This bundle of tools is to push the creation of derivatives to a (or multiple) separate machines. Each tool has a more in-depth explanation of its use.
Note: Currently this only supports the creation of OCR and HOCR, but can be extended to other derivatives in future.
- Fedora emits messages as per normal.
- Messages are received by the islandora-1x-queue-splitter and passed to 2 output queues.
- Gatekeeper receives on one queue.
- Checks with Drupal for more information.
- If the object is of a type we want and the derivatives are ones we can do. If yes, pass along a new message.
- Derivative worker picks up this new message with the PID and derivative source and destination dsids to use.
- Get the source file from Fedora
- Perform the requested action (OCR or HOCR)
- Put the newly created data back in Fedora (either a PUT or POST).
This is a runnable JAR using SpringBoot. It is not currently deployed to Maven Central or any other repositories (sorry).
To deploy this:
- Clone the repository to the system you wish to deploy it on.

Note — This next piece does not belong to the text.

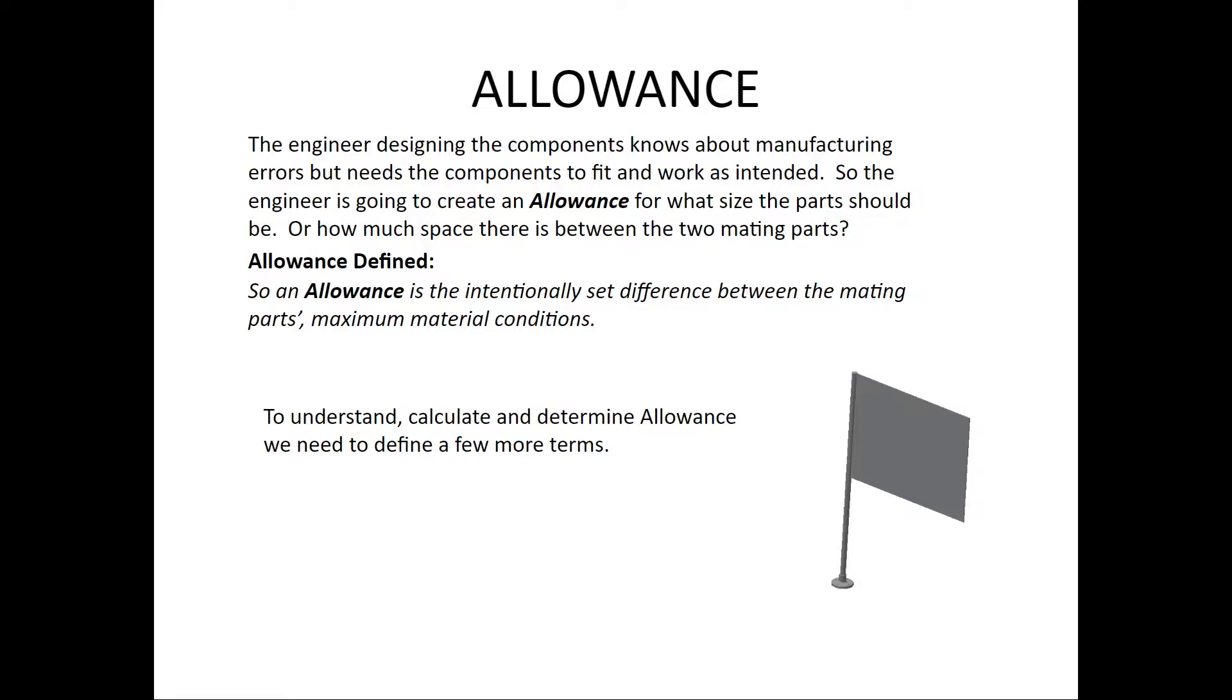The last key concept of this assignment 7.3 is allowance. Allowance is the intentionally set difference between mating parts.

git clone https://github.com/whikloj/islandora-1x-derivative-toolkit.git
- Build the application.
cd islandora-1x-derivative-toolkit
./gradlew clean build
The JAR file will be located in the ./build/libs
directory.
Note: The activemq
endpoint prefix is mandatory for all ActiveMQ queue references
due to springboot's autoconfiguration.
# ActiveMQ information
camel.component.activemq.enabled=true
camel.component.activemq.broker-url=tcp://127.0.0.1:61666
camel.component.activemq.username=
camel.component.activemq.password=
camel.component.activemq.concurrent-consumers=1
# How many times to retry
error.maxRedeliveries=10
# Queue Splitter properties.
queuesplitter.enabled=true
queuesplitter.input_queue=activemq:queue:fedora
queuesplitter.output_queues=activemq:queue:gatekeeper,activemq:queue:solr_index
Gatekeeper needs to login to Islandora do determine the derivatives that are generated.
# Islandora information
# Islandora host
islandora.hostname=http://localhost:8111
# Base path to the islandora instance
islandora.basepath=/islandora
# The REST info URI pattern, use %PID% for the pid.
islandora.rest.infoUri=/info/for/%PID%/data
# Login credentials
islandora.username=testUser
islandora.password=testPass
# You must have services configured to allow a remote login.

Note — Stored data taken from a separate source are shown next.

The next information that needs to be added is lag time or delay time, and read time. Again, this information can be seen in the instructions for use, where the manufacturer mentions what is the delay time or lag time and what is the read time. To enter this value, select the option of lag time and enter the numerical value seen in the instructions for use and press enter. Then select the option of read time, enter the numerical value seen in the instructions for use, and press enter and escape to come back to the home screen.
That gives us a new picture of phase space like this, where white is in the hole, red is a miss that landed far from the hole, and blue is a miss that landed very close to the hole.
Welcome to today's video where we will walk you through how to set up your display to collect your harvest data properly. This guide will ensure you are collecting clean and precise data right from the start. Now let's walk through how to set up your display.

islandora.login_service=/login
# Gatekeeper properties
gatekeeper.enabled=true
gatekeeper.input.queue=activemq:queue:gatekeeper
gatekeeper.output.queue=activemq:queue:derivatives
gatekeeper.dead.queue=activemq:queue:dead_end
# Comma separated list of DSIDs can be processed
gatekeeper.process_dsids=HOCR,OCR
# Comma separated list of content types that can be processed
gatekeeper.process_contentTypes=islandora:sp_large_image_cmodel
# Port number for the internal REST endpoint
gatekeeper.rest.port_number=8181
# Base path for the internal REST endpoint
gatekeeper.rest.path=/gatekeeper
Worker pulls the original file and puts the derivatives direct to Fedora.
# Fedora information
fedora.url=http://localhost:8080/fedora
fedora.authUsername=
fedora.authPassword=
# HOCR/OCR worker properties
worker.enabled=true
worker.input.queue=activemq:queue:derivatives
# Temporary directory for processing HOCR and OCR in one pass.
worker.temporary.directory=/tmp
# Path to Tesseract
worker.tesseract.path=/bin/tesseract
# Path to ImageMagick convert
worker.convert.path=/bin/convert
# How many messages to prefetch from the remote JMS.
# Set to 1 to avoid losing messages on a service restart
worker.jms.prefetchSize=0
# How many workers to run, should not exceed your CPUs.
worker.jms.consumers=1
Currently the derivative worker does only OCR, it would be good to either:
- Have it perform any required derivatives for a single source.
- Have it retrieve the source image and pass it out to possibly more distributed worker to perform the final work.